About this task: Restate every line of the material below word for word, skipping the images.

Data extract:
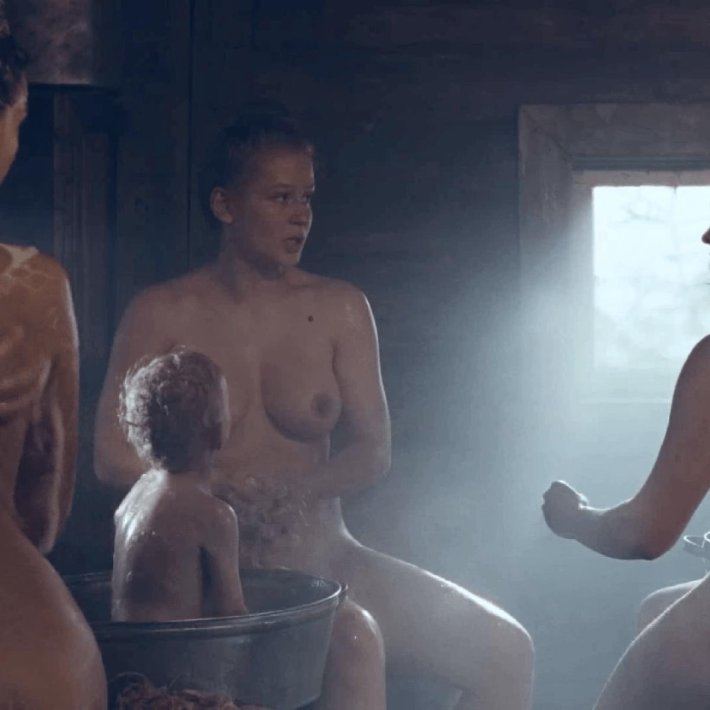 Актриса Юлия Хлынина сиськи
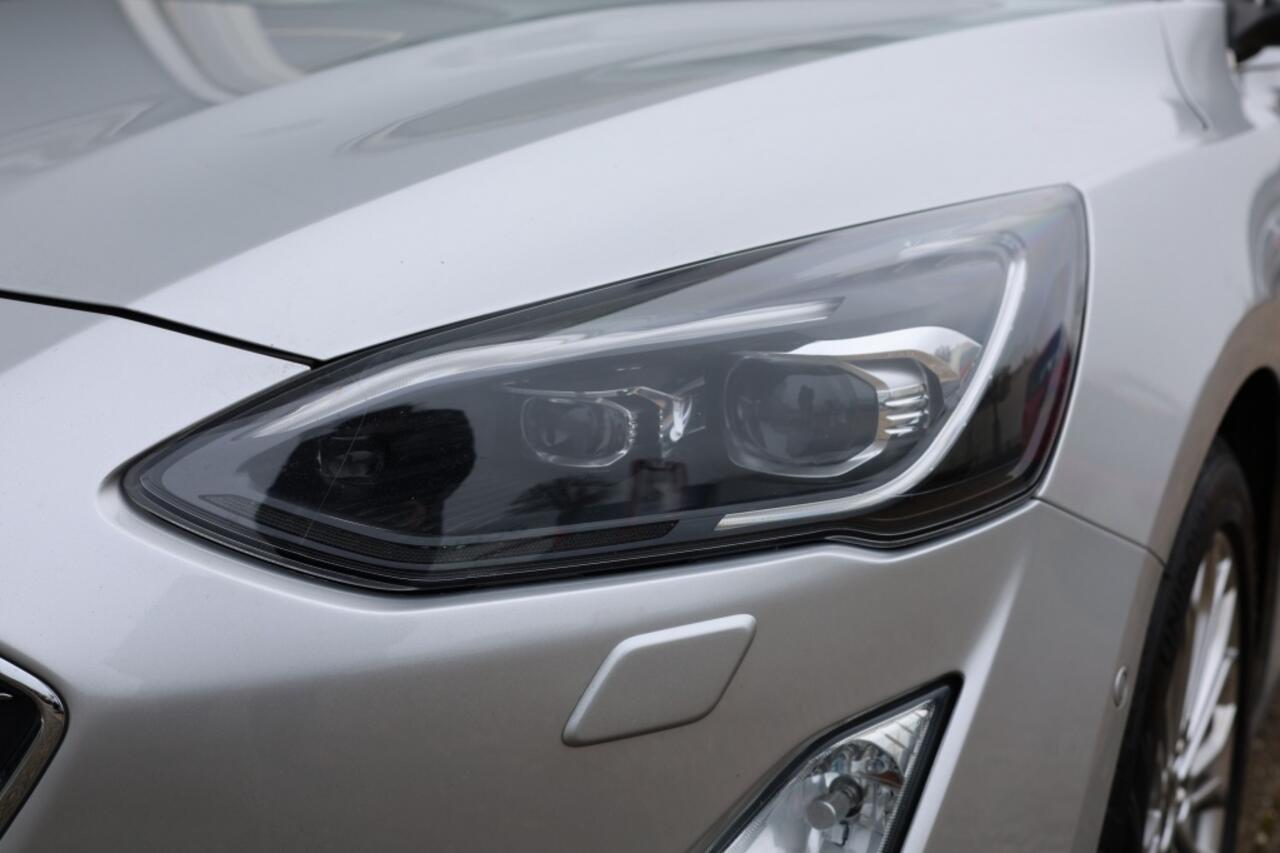 Ford FOCUS Wagon 1.0 EcoBoost Titanium Business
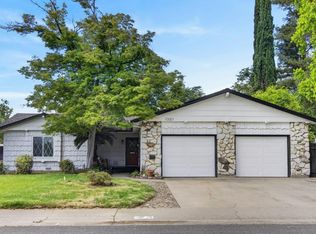 10001 La Placita Dr, Rancho Cordova, CA 95670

Exercise output:
 Актриса Юлия Хлынина сиськи
 Ford FOCUS Wagon 1.0 EcoBoost Titanium Business
 10001 La Placita Dr, Rancho Cordova, CA 95670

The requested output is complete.